BEGIN PROVIDED INFORMATION

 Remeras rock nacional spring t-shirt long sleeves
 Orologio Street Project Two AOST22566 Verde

END PROVIDED INFORMATION
BEGIN PROVIDED INFORMATION

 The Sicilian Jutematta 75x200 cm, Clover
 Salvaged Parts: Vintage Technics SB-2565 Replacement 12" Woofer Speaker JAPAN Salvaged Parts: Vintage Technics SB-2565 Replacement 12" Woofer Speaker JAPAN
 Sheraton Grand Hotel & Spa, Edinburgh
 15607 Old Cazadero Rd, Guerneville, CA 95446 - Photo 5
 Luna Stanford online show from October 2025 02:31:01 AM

END PROVIDED INFORMATION

ASSIGNED TASK:
Print the lines above from the one with "Remeras rock nacional" through the one with "Orologio Street Project Two AOST22566 Verde", both included, exactly as written and nothing more.

TASK RESPONSE:
 Remeras rock nacional spring t-shirt long sleeves
 Orologio Street Project Two AOST22566 Verde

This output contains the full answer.